▸ PROBLEM STATEMENT
Restate the listing below word for word, pictures excluded.

▸ DATASET EXCERPT

★ ★ ★ ★ ★

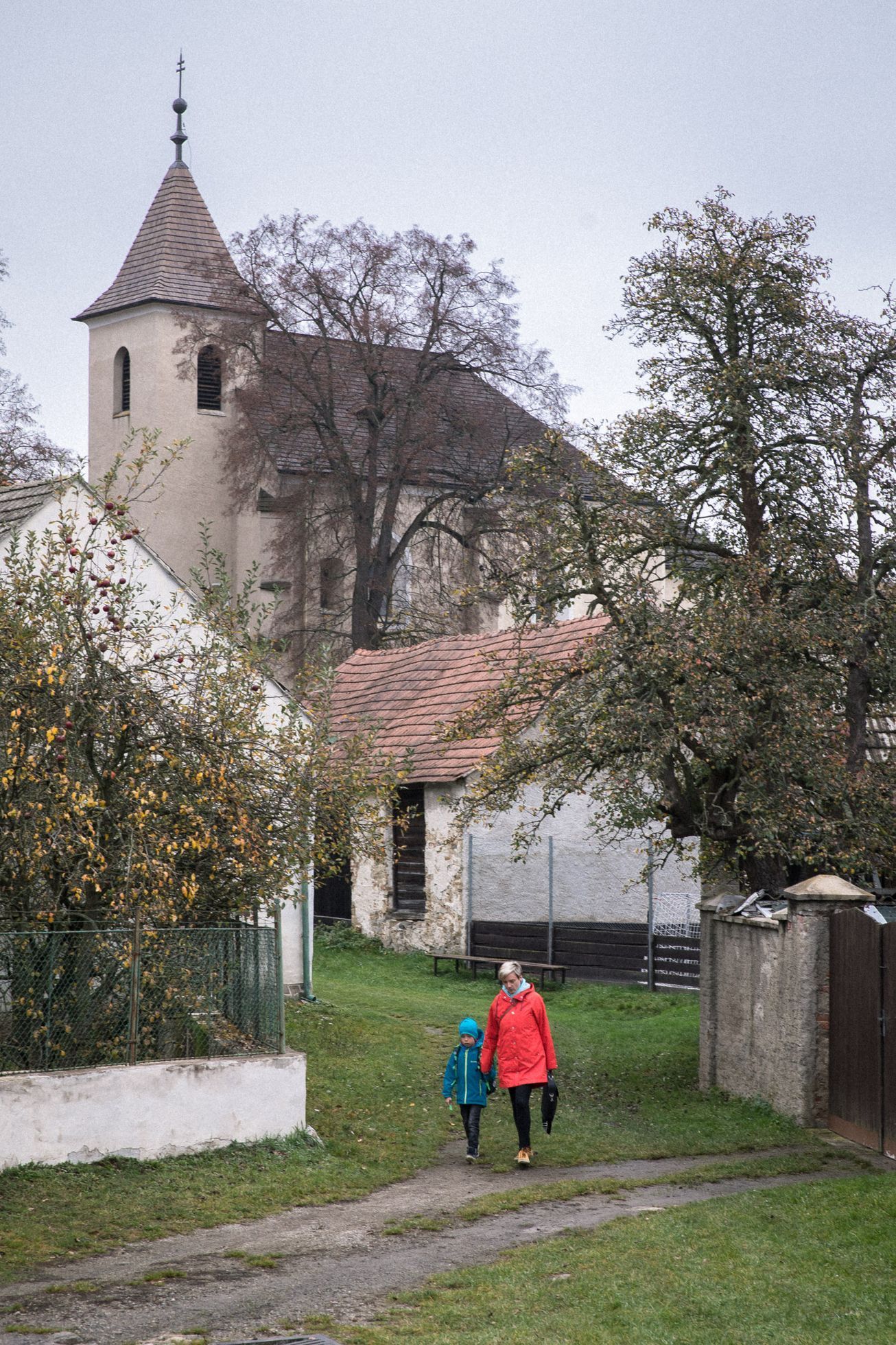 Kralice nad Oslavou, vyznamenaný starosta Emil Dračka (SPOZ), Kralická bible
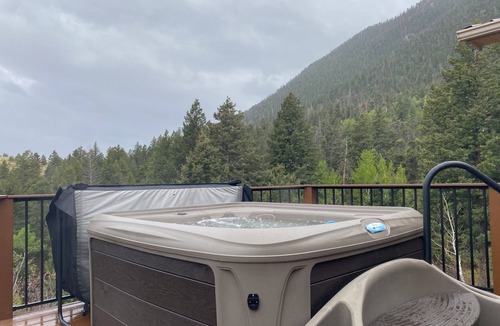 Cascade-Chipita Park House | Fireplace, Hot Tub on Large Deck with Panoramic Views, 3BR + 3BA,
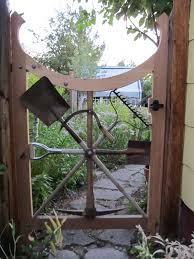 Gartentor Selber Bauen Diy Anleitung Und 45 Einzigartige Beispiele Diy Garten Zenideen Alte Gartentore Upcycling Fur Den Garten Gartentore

★ ★ ★ ★ ★

▸ RESULT
 Kralice nad Oslavou, vyznamenaný starosta Emil Dračka (SPOZ), Kralická bible
 Cascade-Chipita Park House | Fireplace, Hot Tub on Large Deck with Panoramic Views, 3BR + 3BA,
 Gartentor Selber Bauen Diy Anleitung Und 45 Einzigartige Beispiele Diy Garten Zenideen Alte Gartentore Upcycling Fur Den Garten Gartentore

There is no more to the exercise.